Fine Gael Communications spokesman Simon Coveney said this was essentially war-time legislation in extreme circumstances, which gave the Minister extraordinary powers.
However the “radical measure will not solve the domestic problem of exposure to bad debts,” the Cork South-Central TD said.
Sinn Fein Finance Spokesperson Arthur Morgan welcomed the government move but demanded that the Finance Minister reveal what “quid pro quo” he has secured from the banking sector.
“Today’s announcement needs to herald a new relationship between the state and the banking sector,” he said, calling for a commitment from bank management to forego bonuses for the length of the time -- two years -- covered by this guarantee.

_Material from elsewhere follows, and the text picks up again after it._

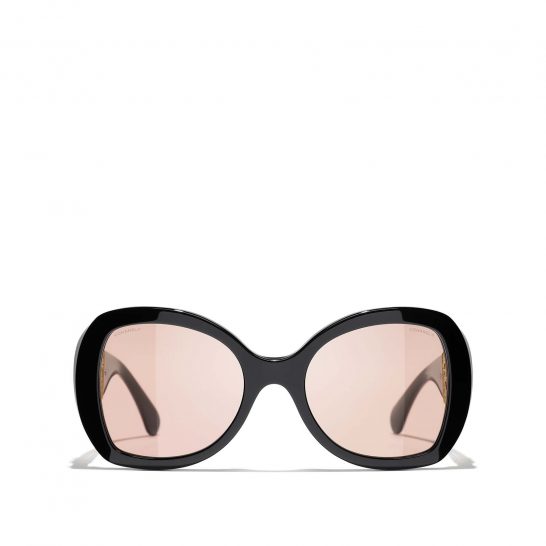 CHANEL CH5531 C62284 - 1/3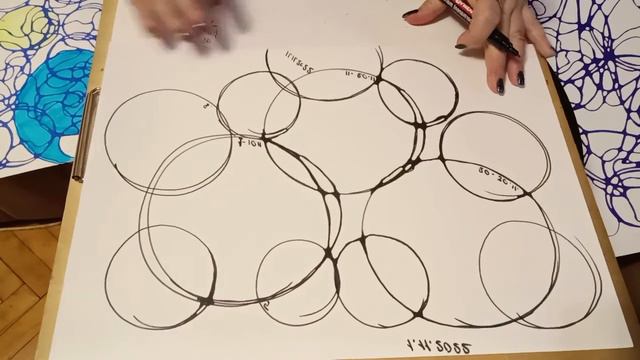 Ноябрь 2022 Пусть будет Мир! смотреть онлайн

“Maintaining international confidence in the Irish banking system is a priority. However, today must be a line in the sand of reckless practices in the Irish financial sector and a new day of responsible banking must begin.”
Donegal Sinn Féin Senator Pearse Doherty called on the Government to bring forward a plan to provide security for mortgage holders and ordinary people in debt to banks, just as they have bailed out the banks themselves.
“When is the Government going to come forward with a plan to bail them out? When will they work through the night to insure against their losses? Those are the people with the most to lose.”